A slew of new books have emerged with titles like "American Theocracy,'' and "Kingdom Coming,'' that tackle the perceived emerging Christocracy, while op-ed-ists opine that right-wing evangelicals are directing foreign policy through the White House. Words like "theocrats'' and "American Taliban'' have become commonplace in describing those who fill televangelism's La-Z-Boys.
Certainly, there's an element among some Christians who believe that Armageddon and the Second Coming are related to current events in the Middle East. For instance, John Hagee, televangelist and pastor of an 18,000-member mega-church in San Antonio specifically believes that Israel has to strike Iran's nuclear facilities in order to move things along toward Jesus' new millennial reign.
And though life may get messy for a time, all's well that ends well. Once Jesus gets back on board, Russia and China will have been dealt with, the Garden of Eden will reopen for business, and the righteous will rule the nations of the Earth. ACLU, beware.
Doubtless Hagee holds his audiences in thrall, but that audience does not happen to include George W. Bush or even (cue thunderclouds) Karl Rove. Nor millions of other Christians. Despite what the anti-Christianists seem to believe, the evangelical movement is not monolithic on such issues and Hagee doesn't have an office in the State Department.
In fact, at one White House meeting with about 35 evangelical leaders, one participant told me Hagee said nary a word. Even if he had, no one in the Bush administration is listening.
"You can be sure that Condi Rice is not reading Tim LaHaye books,'' says Michael Cromartie, vice president of the Ethics and Public Policy Center and director of its Evangelicals in Civic Life program.
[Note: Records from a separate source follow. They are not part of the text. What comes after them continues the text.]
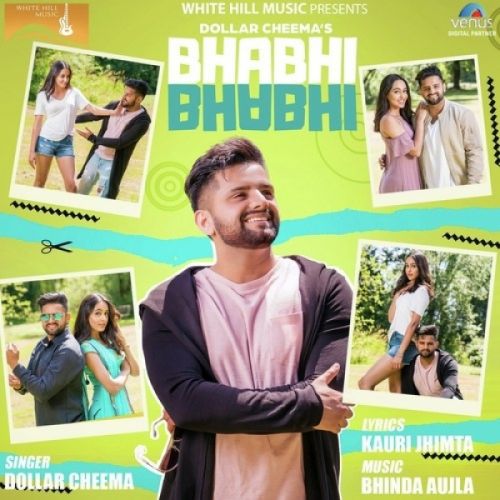 Bhabhi Bhabhi Dollar Cheema mp3 song ringtone, Bhabhi Bhabhi Dollar Cheema Ringtone Download - RiskyJatt.Com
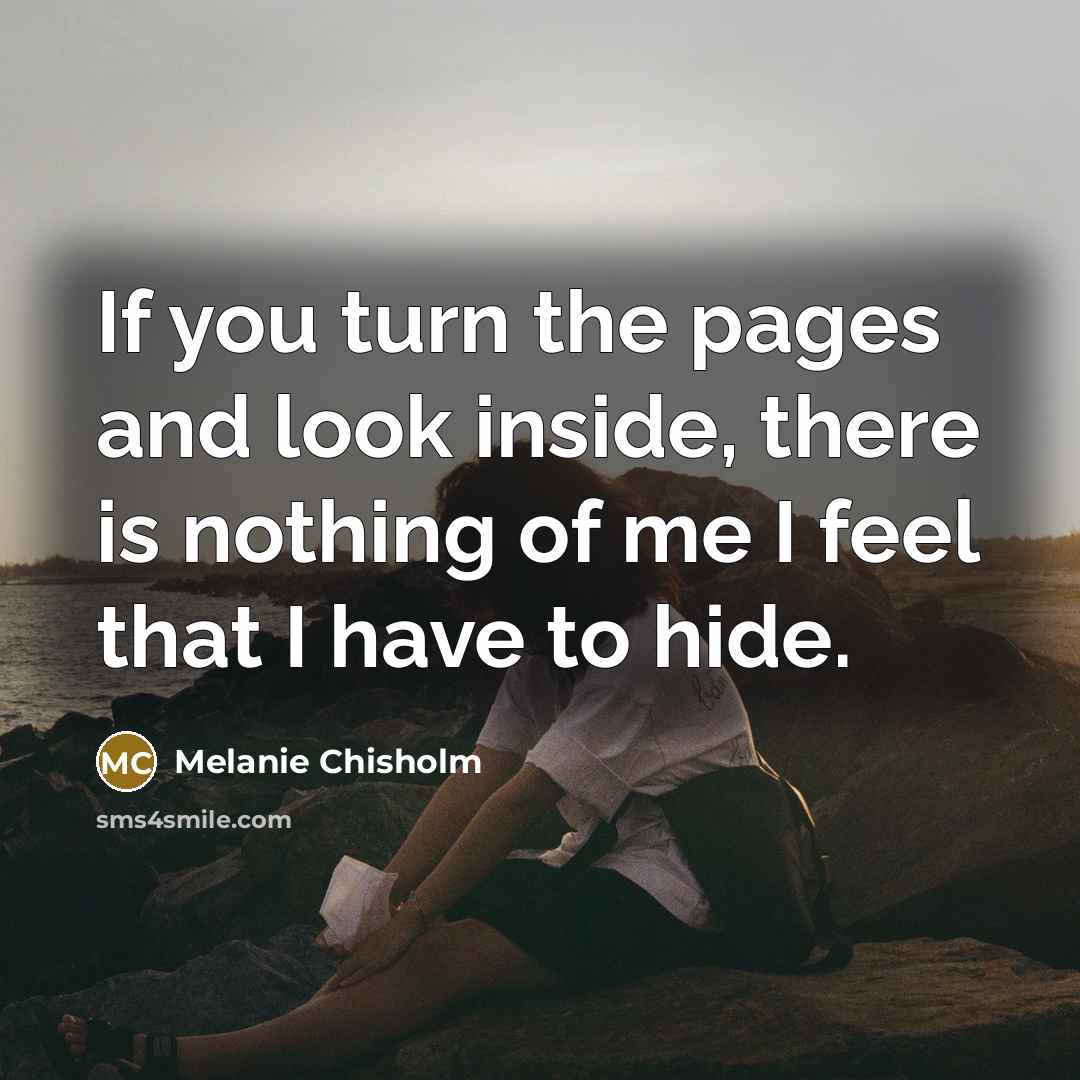 “If you turn the pages and look inside, there is nothing of me I feel that I have to hide.” quote by Melanie Chisholm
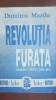 Revolutia furata- Dumitru Mazilu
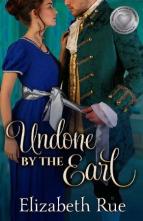 Undone by the Earl by Elizabeth Rue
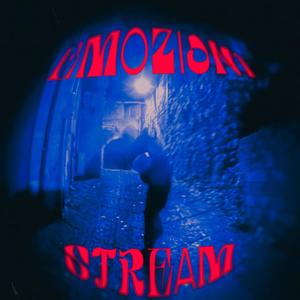 EMOZIONI STREAM (feat. Jammie) [Explicit]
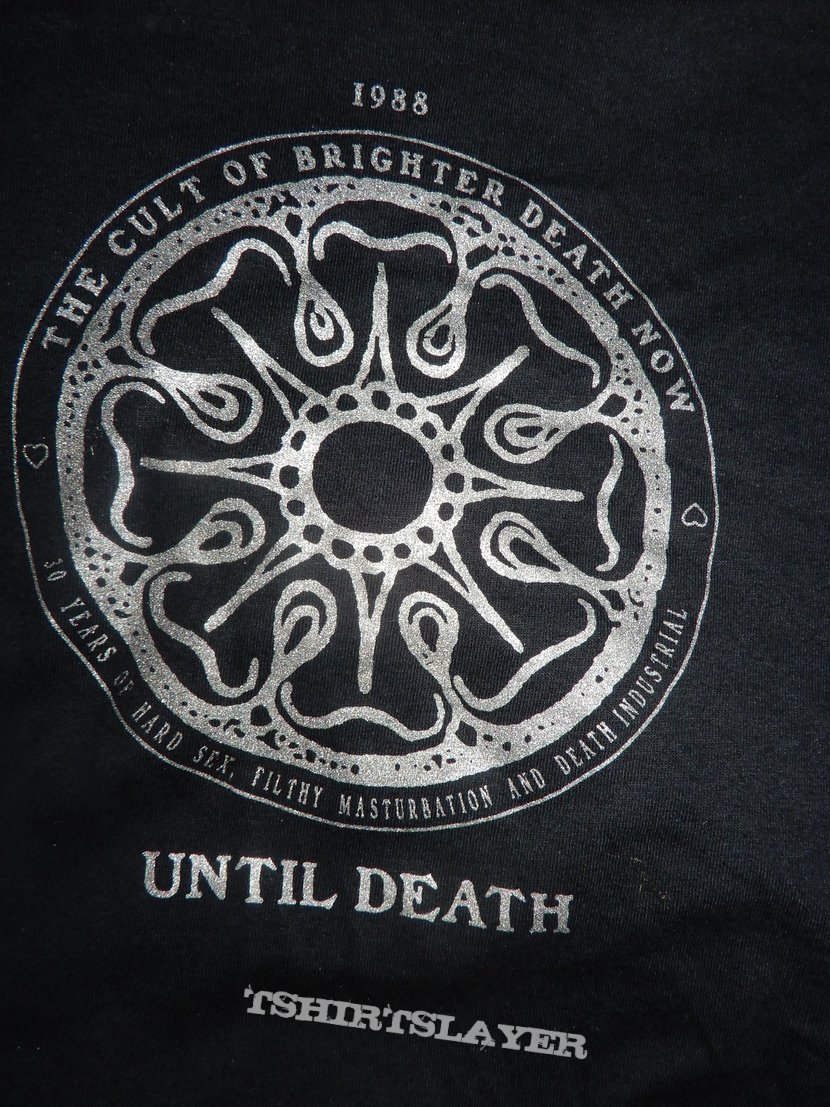 Brighter Death Now 30 year shirt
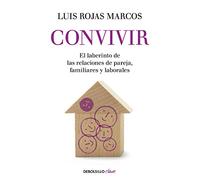 Convivir : el laberinto de las relaciones de pareja, familiares y laborales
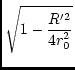 $\displaystyle \sqrt{1 - \frac{R'^2}{4 r_0^2}}$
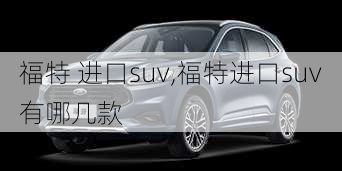 福特 进口suv,福特进口suv有哪几款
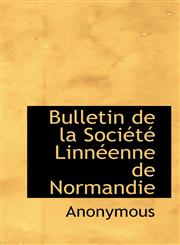 Bulletin de la Société Linnéenne de Normandie,1116674939,9781116674934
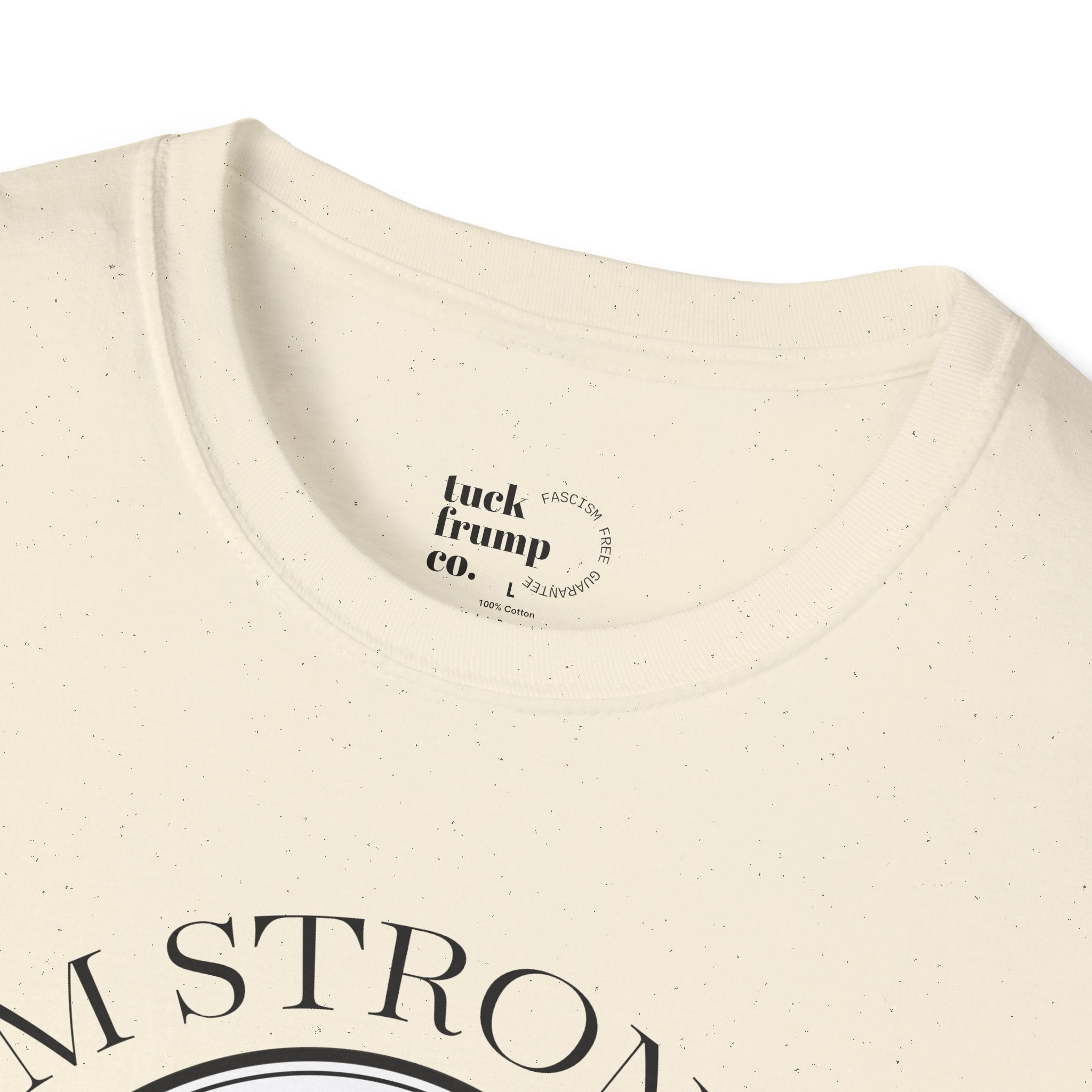 I.  Am.  Strong. - T-Shirt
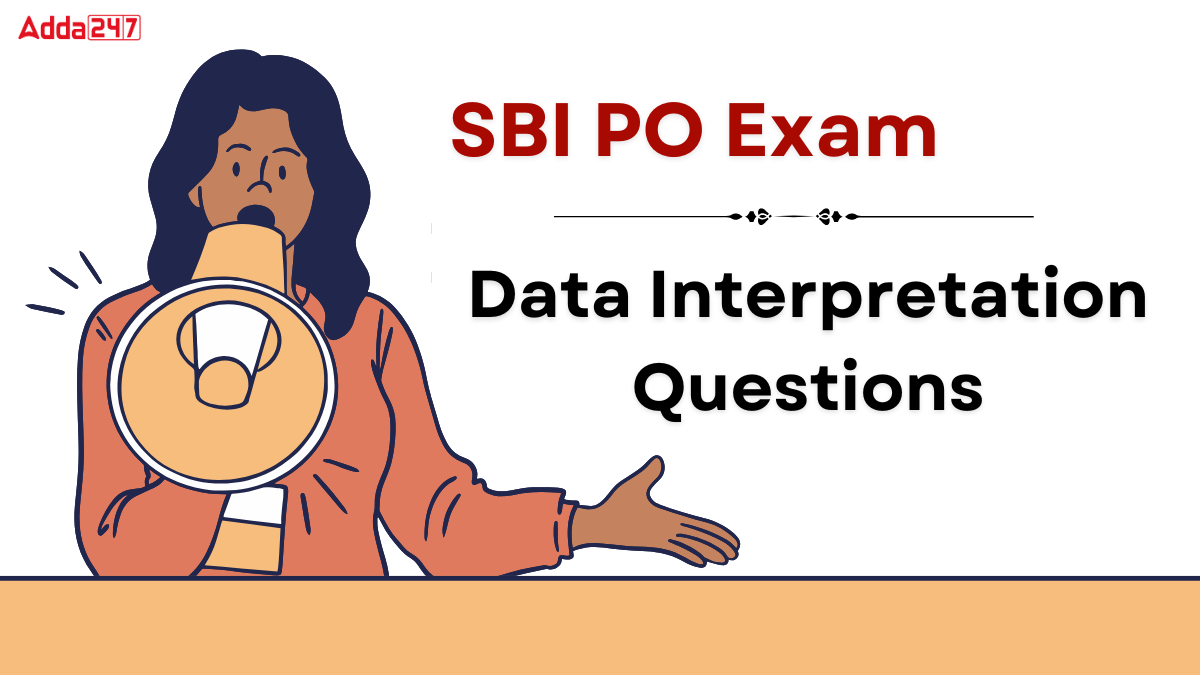 Data Interpretation Questions for SBI PO Exam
LaHaye is author of the best-selling apocalyptic "Left Behind'' series.
The Armageddonists, meanwhile, are suffering from what Cromartie calls "overheated eschatological expectations.''
"That means, they're always looking through world events for some signs of the End Times. ... If they want to spend their time worrying about that, fine. I'm pretty content to sit here and wait it out.''
At least part of what's behind the anti-Christianist movement, of course, is dislike of Bush, who happens to be a born-again Christian, combined with angry opposition to the war in Iraq, as well as contempt for the anti-intellectualism of some on the Christian right -- a perfect storm of secular disgust.
What's missing, however, is a basic understanding of reality: the fact that those who preach an End Times scenario also voted for Bush does not necessarily mean that they have Bush's ear. When someone like Hagee sends a smoke signal to the White House about Israel and Armageddon, the attitude at Pennsylvania Avenue is, "Oh yeah, John, we're aware of that, thank you.''
In other words, pro-Israel policy decisions are based on our long-standing support of America's democratic ally in the Middle East, not some theological imperative as divined through an eschatological grid. Or even an "8'' ball.
Nevertheless, Republicans are happy to get votes where they can. Which is to say: If Hagee were urging his congregation to tithe money to fight global warming based on some apocalyptic interpretation of Scripture, does anyone really think that Al Gore would decline the check?